Thankfully, there are some useful technologies that can assist with bringing together those scattered bread crumbs into a trail that we can follow... to improve incident response, threat management, and satisfy compliance requirements. And event log management is a key part of that. However, there are a few myths associated with log management, so we've provided a list of myth busting facts to help you better understand these technologies.
Myth #1: Log management and event correlation are the same thing.
It is true that these two capabilities are both essential for security and compliance; however, they are far from the same. When it comes to deriving insights from your event logs, you need to do two things. First, you need to securely store and retain your raw event logs for a period of time, and second, you need to analyze and correlate that raw event log data across your infrastructure. The first step is satisfied by log management, and the second step is provided through event correlation or SIEM. And even though these are distinct capabilities, it's best to look for products like AlienVault USM that can deliver both, using the same management platform and console - since they are so closely related.
Myth #2: The more log data, the better the analysis.
One of the biggest mistakes many organizations run into when they implement log management is that they try to integrate everything into their log management tool. In other words, if any IP-enabled device creates a log, let's put it in, and let's not finish integrating until there's not a single raw event log left. Instead, start with the event log data that you know will answer the questions you need to ask. Typically, this core set of raw event log data would include your key security-relevant sources: gateway firewall logs, VPN logs, domain controller logs, Anti-Virus logs, database server logs, web server logs, and IDS logs. But it could be that your organization has additional priorities, based on the type of business you're involved in, and where sensitive data resides. The bottom line is: understand what you want to know BEFORE trying to boil the ocean of logs in your environment.
Myth #3: Log management is just about storing logs, not accessing raw log data.
This myth is similar to the endless debate over system backup and restore. The critical operational question is not whether you're backing up your systems on a regular basis, but rather whether you're actually testing those backups by using them for full system recovery. The same concept applies here. Yes, you do need to securely store your raw log data for a period of time, keeping in mind that data retention policies will be dictated by key business requirements, including your compliance obligations. But you also need to access that raw log data easily, reliably, so you can quickly respond and investigate incidents as well as answer your auditor's questions. Look for easy-to-use search capabilities, including full text search, as well as flexible data retention policies.

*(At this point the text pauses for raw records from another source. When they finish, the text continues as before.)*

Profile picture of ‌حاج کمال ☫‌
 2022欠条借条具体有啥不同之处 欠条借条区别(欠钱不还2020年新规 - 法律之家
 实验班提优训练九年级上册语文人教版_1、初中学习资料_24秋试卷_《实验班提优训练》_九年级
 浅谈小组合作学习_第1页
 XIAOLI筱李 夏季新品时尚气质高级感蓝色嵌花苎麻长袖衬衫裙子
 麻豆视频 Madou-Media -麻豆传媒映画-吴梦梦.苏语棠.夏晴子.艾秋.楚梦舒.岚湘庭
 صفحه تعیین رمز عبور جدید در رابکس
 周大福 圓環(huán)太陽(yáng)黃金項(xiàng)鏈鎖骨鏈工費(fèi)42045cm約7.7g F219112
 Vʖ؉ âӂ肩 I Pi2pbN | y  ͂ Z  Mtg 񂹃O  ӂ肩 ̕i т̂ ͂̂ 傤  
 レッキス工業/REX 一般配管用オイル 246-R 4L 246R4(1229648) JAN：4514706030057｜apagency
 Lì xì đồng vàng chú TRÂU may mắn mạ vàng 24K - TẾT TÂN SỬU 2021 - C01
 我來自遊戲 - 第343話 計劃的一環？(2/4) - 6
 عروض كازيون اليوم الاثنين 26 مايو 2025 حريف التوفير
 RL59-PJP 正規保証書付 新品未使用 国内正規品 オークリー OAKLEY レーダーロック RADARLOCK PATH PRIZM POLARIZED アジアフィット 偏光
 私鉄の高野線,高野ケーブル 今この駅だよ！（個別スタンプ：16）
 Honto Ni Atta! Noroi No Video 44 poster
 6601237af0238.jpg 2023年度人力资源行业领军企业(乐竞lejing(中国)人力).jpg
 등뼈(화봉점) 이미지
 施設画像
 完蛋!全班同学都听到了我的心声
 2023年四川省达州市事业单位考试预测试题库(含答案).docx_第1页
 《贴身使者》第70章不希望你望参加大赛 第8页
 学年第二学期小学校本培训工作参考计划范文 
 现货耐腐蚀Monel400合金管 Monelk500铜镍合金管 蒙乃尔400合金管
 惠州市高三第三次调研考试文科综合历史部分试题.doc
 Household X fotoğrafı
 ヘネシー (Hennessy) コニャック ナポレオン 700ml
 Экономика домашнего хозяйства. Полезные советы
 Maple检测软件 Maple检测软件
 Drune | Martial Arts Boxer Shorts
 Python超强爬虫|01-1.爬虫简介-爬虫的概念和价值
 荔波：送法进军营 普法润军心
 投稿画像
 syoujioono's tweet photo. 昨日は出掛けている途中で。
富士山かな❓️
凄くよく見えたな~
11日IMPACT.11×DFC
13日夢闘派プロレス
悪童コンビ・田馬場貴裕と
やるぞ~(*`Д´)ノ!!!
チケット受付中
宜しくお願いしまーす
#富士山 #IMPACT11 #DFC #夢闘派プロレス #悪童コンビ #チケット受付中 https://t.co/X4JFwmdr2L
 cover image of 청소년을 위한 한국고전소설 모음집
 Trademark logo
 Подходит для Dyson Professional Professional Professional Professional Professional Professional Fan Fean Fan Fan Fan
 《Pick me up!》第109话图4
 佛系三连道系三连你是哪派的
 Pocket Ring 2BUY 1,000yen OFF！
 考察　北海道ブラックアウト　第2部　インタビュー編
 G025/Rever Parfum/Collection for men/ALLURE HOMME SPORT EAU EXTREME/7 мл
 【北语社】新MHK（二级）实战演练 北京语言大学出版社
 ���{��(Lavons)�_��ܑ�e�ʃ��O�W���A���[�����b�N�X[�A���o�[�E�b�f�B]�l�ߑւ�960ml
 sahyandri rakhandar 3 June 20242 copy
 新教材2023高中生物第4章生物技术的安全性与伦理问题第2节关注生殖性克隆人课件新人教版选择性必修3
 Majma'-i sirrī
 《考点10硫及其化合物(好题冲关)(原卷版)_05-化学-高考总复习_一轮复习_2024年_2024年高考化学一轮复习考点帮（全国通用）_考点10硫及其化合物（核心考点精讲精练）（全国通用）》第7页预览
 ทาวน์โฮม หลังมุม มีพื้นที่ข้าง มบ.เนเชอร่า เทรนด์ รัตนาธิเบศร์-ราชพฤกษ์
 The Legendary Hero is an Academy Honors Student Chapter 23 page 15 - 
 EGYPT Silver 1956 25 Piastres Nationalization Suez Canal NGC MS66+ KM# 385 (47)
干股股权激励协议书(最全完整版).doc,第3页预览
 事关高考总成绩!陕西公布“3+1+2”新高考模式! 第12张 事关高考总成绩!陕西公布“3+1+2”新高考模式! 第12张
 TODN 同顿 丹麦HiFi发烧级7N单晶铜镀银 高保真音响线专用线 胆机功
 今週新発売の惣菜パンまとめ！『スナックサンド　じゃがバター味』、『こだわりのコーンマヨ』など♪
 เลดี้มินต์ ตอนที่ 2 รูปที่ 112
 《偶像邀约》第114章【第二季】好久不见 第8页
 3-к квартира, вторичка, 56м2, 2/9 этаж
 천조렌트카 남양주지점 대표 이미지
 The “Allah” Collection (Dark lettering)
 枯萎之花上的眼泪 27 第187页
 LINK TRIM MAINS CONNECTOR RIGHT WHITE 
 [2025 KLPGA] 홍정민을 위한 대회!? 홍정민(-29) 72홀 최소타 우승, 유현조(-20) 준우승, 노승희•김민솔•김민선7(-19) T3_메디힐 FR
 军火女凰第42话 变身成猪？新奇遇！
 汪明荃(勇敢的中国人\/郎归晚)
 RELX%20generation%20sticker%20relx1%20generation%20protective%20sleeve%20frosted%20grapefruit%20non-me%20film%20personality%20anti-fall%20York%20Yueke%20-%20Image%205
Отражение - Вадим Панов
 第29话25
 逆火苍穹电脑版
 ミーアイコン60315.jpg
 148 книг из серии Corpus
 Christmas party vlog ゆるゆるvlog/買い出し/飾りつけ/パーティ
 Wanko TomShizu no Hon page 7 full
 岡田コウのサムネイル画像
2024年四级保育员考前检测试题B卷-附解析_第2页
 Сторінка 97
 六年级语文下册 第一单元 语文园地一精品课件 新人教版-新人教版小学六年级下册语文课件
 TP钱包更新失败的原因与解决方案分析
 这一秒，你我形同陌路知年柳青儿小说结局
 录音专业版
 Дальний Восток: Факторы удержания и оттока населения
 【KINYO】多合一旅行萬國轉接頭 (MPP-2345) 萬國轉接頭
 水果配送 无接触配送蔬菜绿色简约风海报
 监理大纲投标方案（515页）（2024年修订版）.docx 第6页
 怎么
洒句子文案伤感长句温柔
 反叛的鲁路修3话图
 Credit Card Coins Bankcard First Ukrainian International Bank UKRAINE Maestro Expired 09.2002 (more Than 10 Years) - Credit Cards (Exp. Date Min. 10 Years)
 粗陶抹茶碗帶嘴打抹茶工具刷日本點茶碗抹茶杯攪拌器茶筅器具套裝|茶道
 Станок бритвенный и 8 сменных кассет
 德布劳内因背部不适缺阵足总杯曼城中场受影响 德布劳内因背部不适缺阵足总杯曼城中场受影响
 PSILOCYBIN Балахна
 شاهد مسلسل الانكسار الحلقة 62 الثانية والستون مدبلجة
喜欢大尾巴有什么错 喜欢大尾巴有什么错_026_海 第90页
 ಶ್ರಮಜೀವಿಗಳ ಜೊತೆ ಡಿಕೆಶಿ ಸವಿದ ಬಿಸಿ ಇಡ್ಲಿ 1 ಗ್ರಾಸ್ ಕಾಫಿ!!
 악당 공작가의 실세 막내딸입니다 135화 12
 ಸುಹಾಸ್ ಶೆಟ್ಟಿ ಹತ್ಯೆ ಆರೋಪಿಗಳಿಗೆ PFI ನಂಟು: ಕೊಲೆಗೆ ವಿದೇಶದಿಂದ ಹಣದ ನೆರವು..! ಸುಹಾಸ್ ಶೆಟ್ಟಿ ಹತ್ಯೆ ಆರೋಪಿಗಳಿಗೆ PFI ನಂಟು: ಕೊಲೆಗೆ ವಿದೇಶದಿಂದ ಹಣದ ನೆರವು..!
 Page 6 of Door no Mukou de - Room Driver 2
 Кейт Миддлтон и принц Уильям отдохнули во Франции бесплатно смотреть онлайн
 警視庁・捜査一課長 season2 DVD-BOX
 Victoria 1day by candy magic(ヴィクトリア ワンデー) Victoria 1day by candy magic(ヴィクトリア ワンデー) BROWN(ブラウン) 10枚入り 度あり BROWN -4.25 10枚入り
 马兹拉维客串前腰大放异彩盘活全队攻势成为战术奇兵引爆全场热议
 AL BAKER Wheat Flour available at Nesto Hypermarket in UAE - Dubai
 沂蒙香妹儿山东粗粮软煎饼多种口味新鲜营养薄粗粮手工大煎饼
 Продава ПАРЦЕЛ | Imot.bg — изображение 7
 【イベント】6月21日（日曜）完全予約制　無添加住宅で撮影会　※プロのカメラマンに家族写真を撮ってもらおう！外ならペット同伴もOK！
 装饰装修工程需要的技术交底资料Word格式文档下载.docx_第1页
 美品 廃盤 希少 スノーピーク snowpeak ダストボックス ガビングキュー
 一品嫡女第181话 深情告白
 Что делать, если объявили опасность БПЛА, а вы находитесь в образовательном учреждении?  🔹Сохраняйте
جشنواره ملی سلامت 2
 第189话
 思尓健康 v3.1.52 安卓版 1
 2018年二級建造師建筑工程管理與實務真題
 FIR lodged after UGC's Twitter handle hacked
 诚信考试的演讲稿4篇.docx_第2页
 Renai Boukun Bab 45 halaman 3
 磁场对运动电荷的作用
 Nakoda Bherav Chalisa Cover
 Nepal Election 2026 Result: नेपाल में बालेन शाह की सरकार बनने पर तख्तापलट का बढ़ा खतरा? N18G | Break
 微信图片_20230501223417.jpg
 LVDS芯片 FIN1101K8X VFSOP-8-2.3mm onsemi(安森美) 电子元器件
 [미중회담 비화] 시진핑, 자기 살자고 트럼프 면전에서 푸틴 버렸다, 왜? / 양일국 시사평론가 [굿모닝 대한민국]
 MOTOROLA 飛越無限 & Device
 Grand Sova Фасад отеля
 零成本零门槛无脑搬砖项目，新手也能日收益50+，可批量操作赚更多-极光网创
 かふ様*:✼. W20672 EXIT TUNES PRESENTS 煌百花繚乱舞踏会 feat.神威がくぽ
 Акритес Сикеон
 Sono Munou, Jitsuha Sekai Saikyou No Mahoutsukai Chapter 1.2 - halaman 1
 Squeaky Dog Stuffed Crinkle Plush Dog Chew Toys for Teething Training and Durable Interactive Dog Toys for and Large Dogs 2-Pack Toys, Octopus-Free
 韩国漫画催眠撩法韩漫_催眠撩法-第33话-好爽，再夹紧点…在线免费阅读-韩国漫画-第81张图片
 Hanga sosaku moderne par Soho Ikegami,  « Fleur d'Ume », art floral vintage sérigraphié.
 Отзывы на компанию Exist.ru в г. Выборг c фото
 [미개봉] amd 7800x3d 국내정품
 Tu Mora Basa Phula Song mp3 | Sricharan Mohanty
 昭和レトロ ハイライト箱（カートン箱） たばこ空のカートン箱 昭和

Myth #4: When it comes to doing effective security monitoring, all you need are the logs.
Yes, event log data is necessary for security monitoring, but it's not sufficient. You'll still need additional context for the raw log data, which on its own, doesn't tell you much. Asset inventory data, vulnerability assessment results, netflow analysis, IDS alerts and more will provide the full context you'll need to know how to think about the raw event log data. Correlation of the event log data with information about your environment (devices, users, vulnerabilities, etc) provides richer context, and sets you up for effective prioritization of security incidents and issues.
Myth #5: Log analysis is only relevant within a real-time context.
In a perfect world, we'd be able to catch security incidents as they happen. But as we all know, attacks against your network are happening so frequently, and many of them are conducted "under the radar" that what we may find "now" is merely a symptom of a larger and broader exposure. Don't get me wrong, "real-time" analysis is necessary in order to spot those exceptions to normal traffic patterns. But a "real-time-only" approach is not sufficient. Chances are that when you're in the process of responding to a real-time alert, you'll discover that you need to find out when and how the attacker first entered your network, and what systems they may have exploited in the process. And that trail will likely lead you back to the historical record of raw event log data.
As you explore various options for log management, log analysis, and event correlation tools and techniques, don't forget to avoid the hype and stay focused on the essentials.